Why make the setting system-wide? Shouldn't this decision be made on a
per-task basis, depending on whether the task is sensitive or untrusted?
--
Josh
> >
> > Signed-off-by: Anand K Mistry <[email protected]>
> > Signed-off-by: Anand K Mistry <[email protected]>
>
> Two SoBs by you, why?
Tooling issues probably. Not intentional.
>
> > ---
> > Background:
> > IBPB is slow on some CPUs.
> >
> > More detailed background:
> > On some CPUs, issuing an IBPB can cause the address space switch to be
> > 10x more expensive (yes, 10x, not 10%).
>
> Which CPUs are those?!
AMD A4-9120C. Probably the A6-9220C too, but I don't have one of those
machines to test with,
>
> > On a system that makes heavy use of processes, this can cause a very
> > significant performance hit.
>
> You're not really trying to convince reviewers for why you need to add
> more complexity to an already too complex and confusing code. "some
> CPUs" and "can cause" is not good enough.
On a simple ping-ping test between two processes (using a pair of
pipes), a process switch is ~7us with IBPB disabled. But with it
enabled, it increases to around 80us (tested with the powersave CPU
governor).
On Chrome's IPC system, a perftest running 50,000 ping-pong messages:
without IBPB 5579.49 ms
with IBPB 21396 ms
(~4x difference)
And, doing video playback in the browser (which is already very
optimised), the IBPB hit turns out to be ~2.5% of CPU cycles. Doing a
webrtc video call (tested using http://appr.tc), it's ~9% of CPU
cycles.

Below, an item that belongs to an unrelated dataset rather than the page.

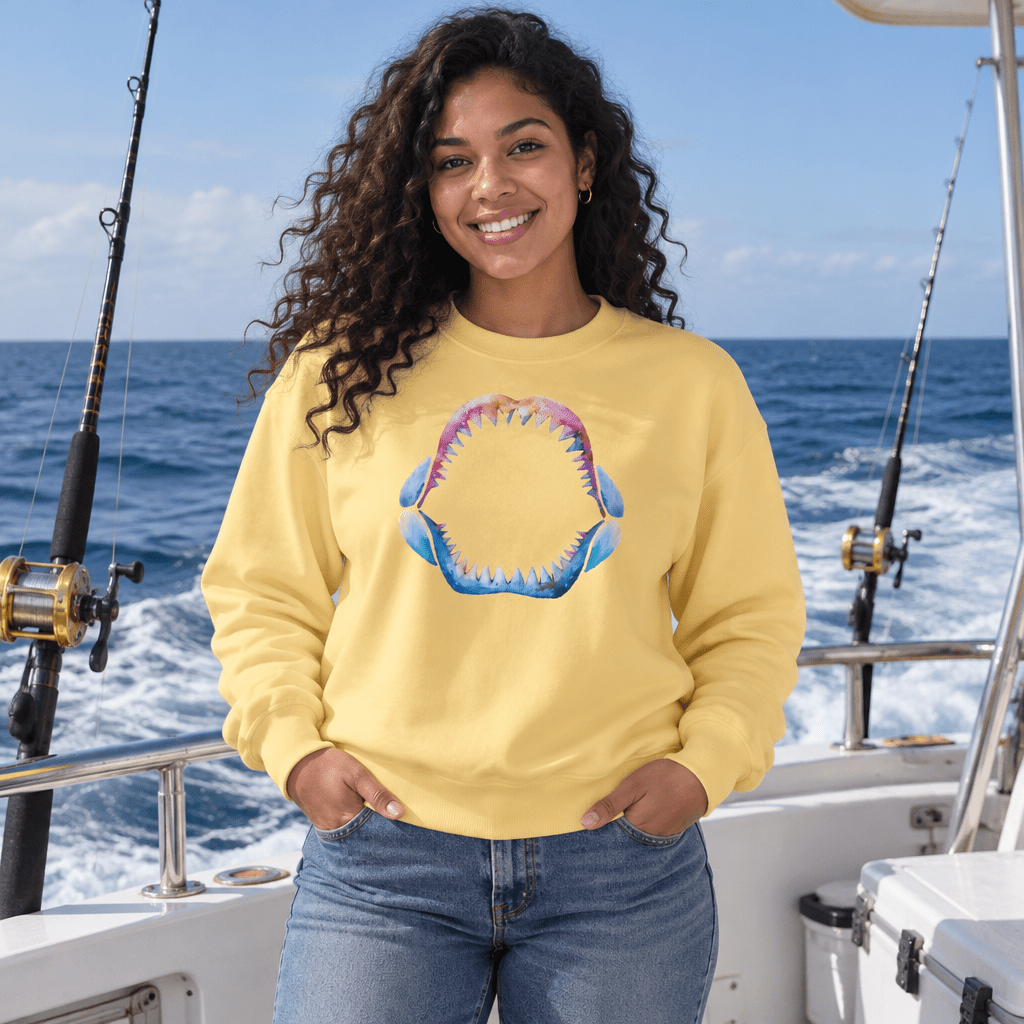A woman with curly hair stands on a boat wearing a pale yellow sweatshirt with a colorful shark teeth graphic on the front, paired with blue jeans. Fishing rods and the ocean are visible in the background.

I don't have exact numbers, but it's worse on some real VC
apps.
>
> > I understand this is likely to be very contentious. Obviously, this
> > isn't ready for code review, but I'm hoping to get some thoughts on the
> > problem and this approach.
>
> Yes, in the absence of hard performance data, I'm not convinced at all.
With this change, I can get a >80% reduction in CPU cycles consumed by
IBPB. A video call on my test device goes from ~9% to ~0.80% cycles
used by IBPB. It doesn't sound like much, but it's a significant
difference on these devices.
> > This proposal attempts to reduce that cost by letting the system
> > developer choose whether to issue the IBPB on entry or exit of an IB
> > speculation disabled process (default is both, which is current
> > behaviour). Documentation/admin-guide/hw-vuln/spectre.rst documents two
> > mitigation strategies that use conditional IBPB;
> > "Protect sensitive programs", and "Sandbox untrusted programs".
>
> Why make the setting system-wide? Shouldn't this decision be made on a
> per-task basis, depending on whether the task is sensitive or untrusted?
It definitely could be. I didn't give it as much thought since for me,
the entire system uses a "sandbox" approach, so the behaviour would
apply to any IB spec disabled process. And conversely, any system
taking the "sensitive programs" approach would also expect the same
behaviour from all processes.
I'm open to making it per-process. It's just that making it
system-wide seemed to "fit" with the documented mitigation strategies,
and it's what I would use in production.